Sunday, April 15, 2007

Red (or blue or black or purple) Pen

It's down to the nitty-gritty. Ingredients: A hard copy of my manuscript and whatever pen or pencil I can find and a quiet few hours.

A few months ago, after reading the manuscript for my second book, a well (?) meaning friend and fellow writer told me I should stick to writing short stories as that is clearly my strength. My husband, bless him, told me she was jealous (her own first book hasn't left the editing stages yet) and to blow past it. It's not easy though, when I so highly value the opinion of the person who said it. At the moment it's even more difficult.

This is the hardest phase of writing for me because it's fraught with so much room for self-doubt. Is the opener strong enough? Does that sentence make sense? Am I telling too much and not showing enough? What the hell was I thinking? I know the story is good, but does it hold up grammatically? Will an agent only see its weaknesses? Close examination of every line of every page gives me a headache and makes me wish I was wealthy enough to hire a professional editor. I've got to forge on with the resources I have and try and block out the little voice in the back of my head that insists that I'm an idiot who should never have written a book (or books) in the first place.

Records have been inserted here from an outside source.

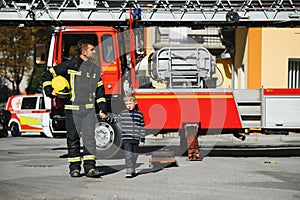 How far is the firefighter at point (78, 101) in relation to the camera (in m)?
9.27

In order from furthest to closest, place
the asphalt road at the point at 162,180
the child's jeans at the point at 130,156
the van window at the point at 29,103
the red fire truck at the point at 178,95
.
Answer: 1. the van window at the point at 29,103
2. the red fire truck at the point at 178,95
3. the child's jeans at the point at 130,156
4. the asphalt road at the point at 162,180

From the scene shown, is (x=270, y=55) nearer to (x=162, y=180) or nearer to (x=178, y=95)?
(x=178, y=95)

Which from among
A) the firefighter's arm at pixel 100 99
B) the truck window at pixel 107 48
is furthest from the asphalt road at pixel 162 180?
the truck window at pixel 107 48

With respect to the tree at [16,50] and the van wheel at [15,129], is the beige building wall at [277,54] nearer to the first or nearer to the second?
the van wheel at [15,129]

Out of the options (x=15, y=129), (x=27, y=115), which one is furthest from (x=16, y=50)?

Like I said--I've got a bad case of self-doubt. However, I am not inclined to let that feeling own me or I'd have given this whole writing thing up about twenty to thirty rejection slips ago.

Naturally just about the time I sat down to do this, my personal life got complicated. Without dragging my already few readers through the muck and mire of this, I'll simply say that we're not far from a lot of things getting easier, but the next month or so will be high-stress. Since I run the books in our home, I'm the one who takes it personally when our finances aren't running smoothly and, believe me, they aren't. I'm paying the bills, but there's a whole lot of robbing Peter to pay Paul going on.

On the other hand my third-borne celebrated his birthday yesterday:
The peace sign is actually bunny ears and it's become his trademark in family pictures. Sam, the youngest, is usually the recipient. Joseph is affectionately known as our own little Stephen King. Like his brothers, he's a terrific storyteller, but leans toward the macbre. Perhaps if I can't make it, just the example of my efforts will be enough to convince him to try.

2 comments:

Scotty said...

Peter vs Paul happens in every household, Mary, trust me.

On the upside, a very happy birthday to the little dude - tell him "G'day mate and all the best" from across the water.

Mary O. Paddock said...

Thanks Scotty. Over there too?

I'll tell him. He'll be thrilled that someone in Australia thought about him.